> _Exercise goal_
Transcribe the listing exactly, skipping every picture.
——————————
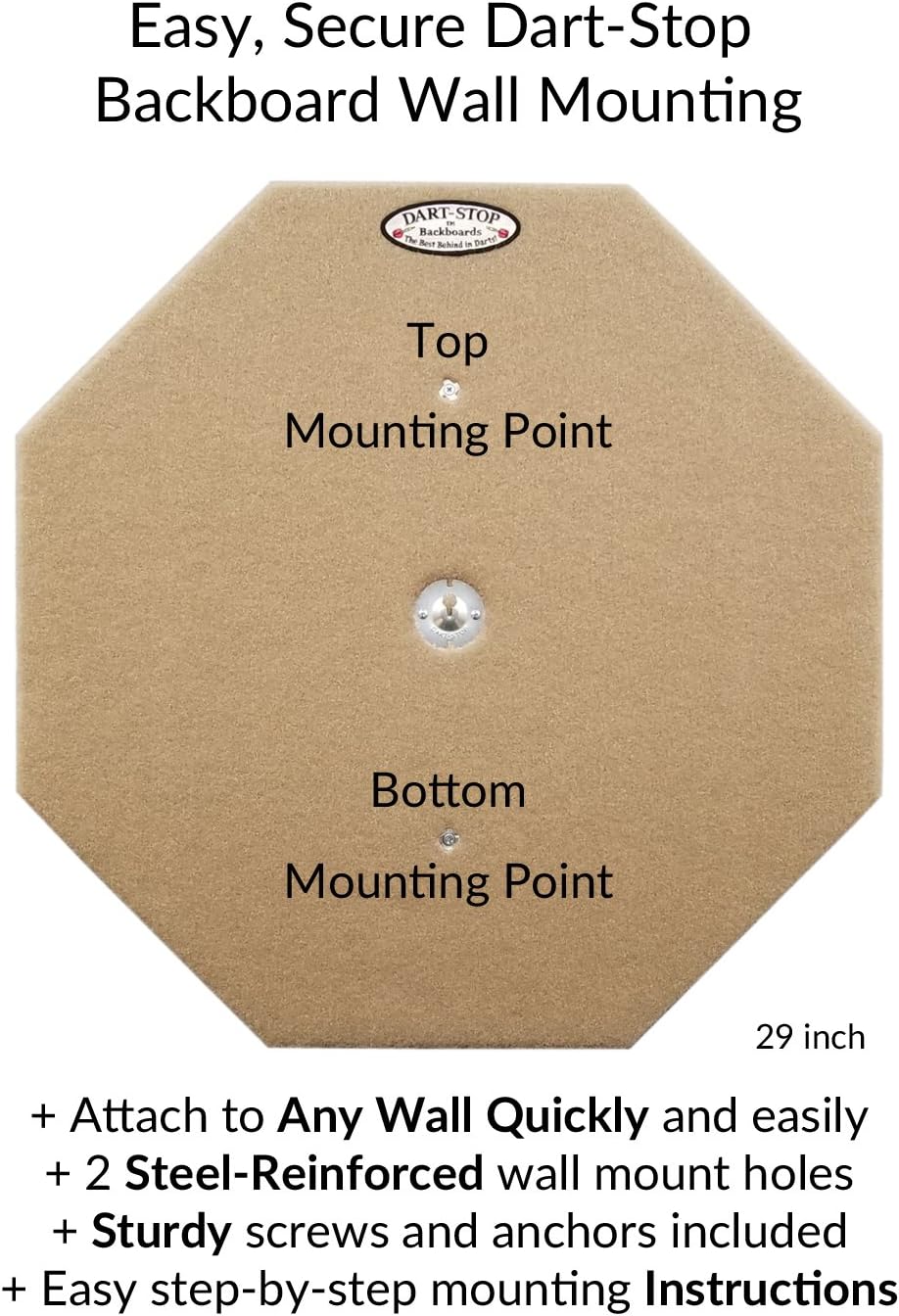 Dart-Stop 29 inch Burgundy Octagon Pro Dart Board Backboard | Wall Protector | Dartboard Surround : Television Mounts : Sports & Outdoors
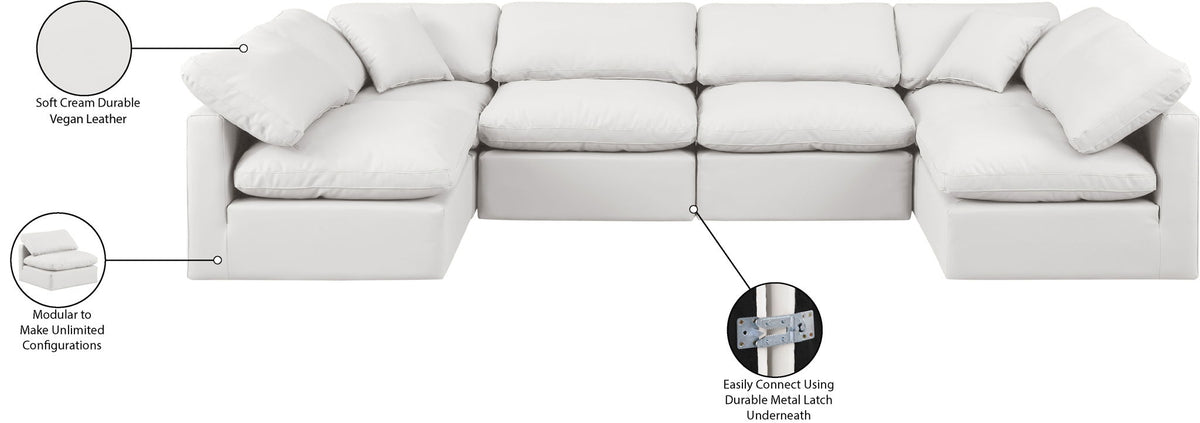 Indulge - Faux Leather 6 Piece Modular U-Shaped Sectional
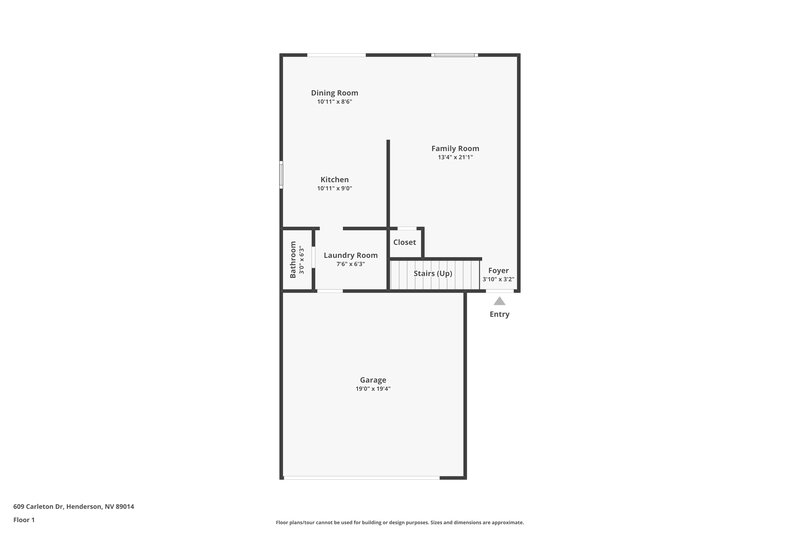 1,990/Mo, 609 Carleton Dr Henderson, NV 89014 Floor Plan View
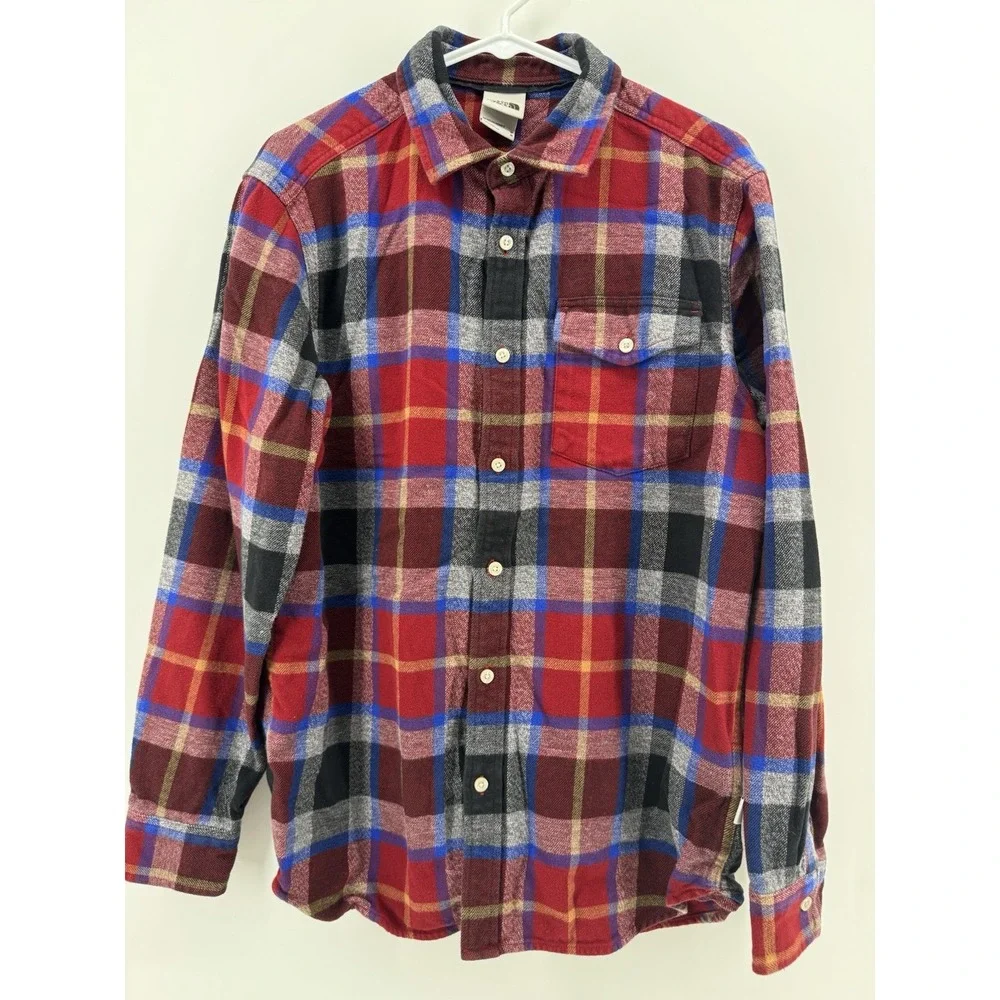 The North Face Plaid Flannel Button-Up Shirt Pockets Red/Blue/Gray Men's M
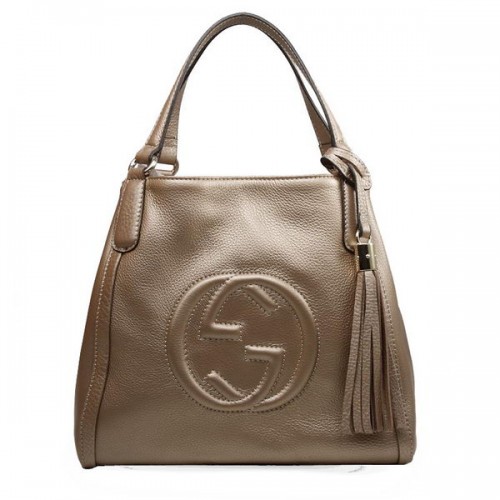 Geantă de umăr din piele Gucci 336751 Soho aurie
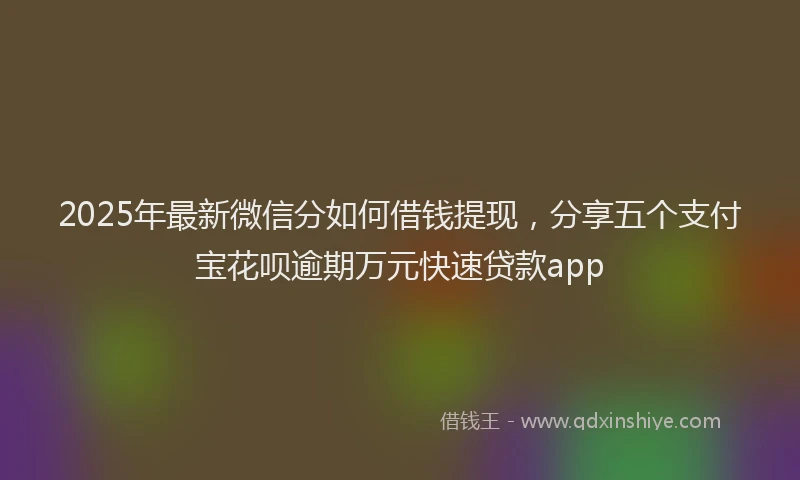 2025年最新微信分如何借钱提现，分享五个支付宝花呗逾期万元快速贷款app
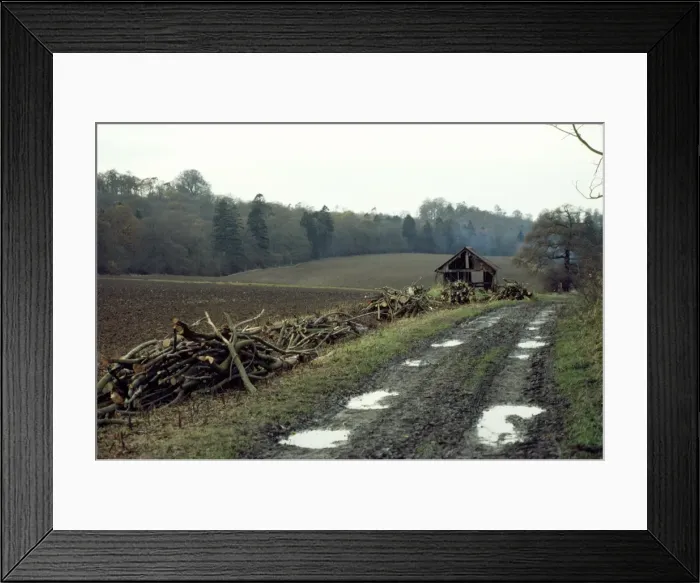 Framed Print : Hedgerow destruction Warwickshire UK Framed Print : Hedgerow destruction Warwickshire UK
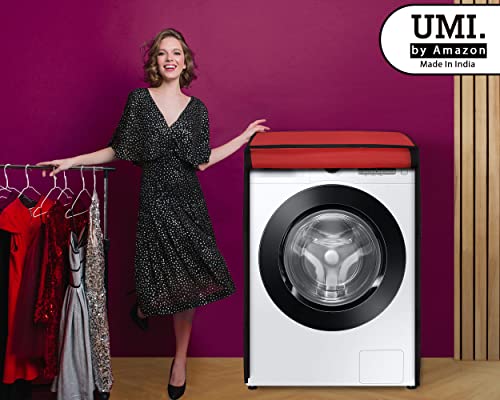 Image of Amazon Brand - Umi. Front Load Washing Machine Cover Suitable for Bosch 6.5 Kg, 7 Kg, 7.5 Kg, 8 Kg, 8.5 Kg, 9 Kg (63cmsX63cmsX81cms, RED)
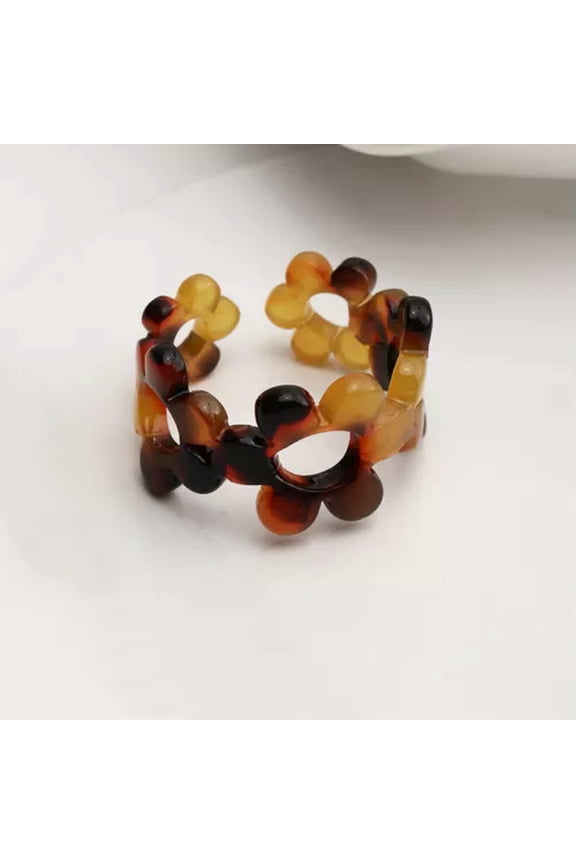Adjustable Small Flower Opening Ring Plastic Ring Finger Jewelry Gift Trendy-Ginger-Resizable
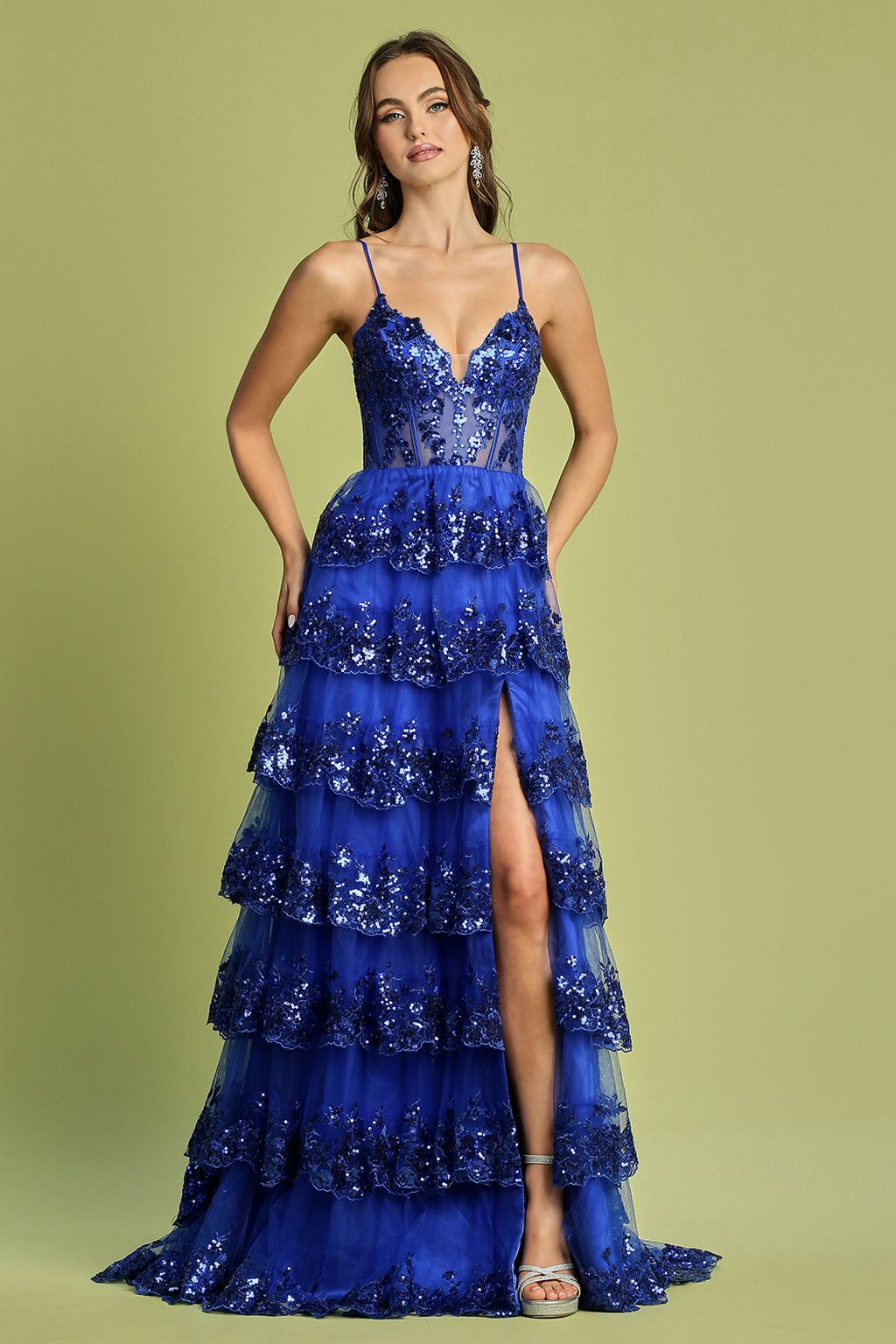 Prom Dresses Long Sequin A Line Ruffle Formal Prom Dress  Royal Blue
——————————
> _Result of this task_
 Dart-Stop 29 inch Burgundy Octagon Pro Dart Board Backboard | Wall Protector | Dartboard Surround : Television Mounts : Sports & Outdoors
 Indulge - Faux Leather 6 Piece Modular U-Shaped Sectional
 1,990/Mo, 609 Carleton Dr Henderson, NV 89014 Floor Plan View
 The North Face Plaid Flannel Button-Up Shirt Pockets Red/Blue/Gray Men's M
 Geantă de umăr din piele Gucci 336751 Soho aurie
 2025年最新微信分如何借钱提现，分享五个支付宝花呗逾期万元快速贷款app
 Framed Print : Hedgerow destruction Warwickshire UK Framed Print : Hedgerow destruction Warwickshire UK
 Image of Amazon Brand - Umi. Front Load Washing Machine Cover Suitable for Bosch 6.5 Kg, 7 Kg, 7.5 Kg, 8 Kg, 8.5 Kg, 9 Kg (63cmsX63cmsX81cms, RED)
Adjustable Small Flower Opening Ring Plastic Ring Finger Jewelry Gift Trendy-Ginger-Resizable
 Prom Dresses Long Sequin A Line Ruffle Formal Prom Dress  Royal Blue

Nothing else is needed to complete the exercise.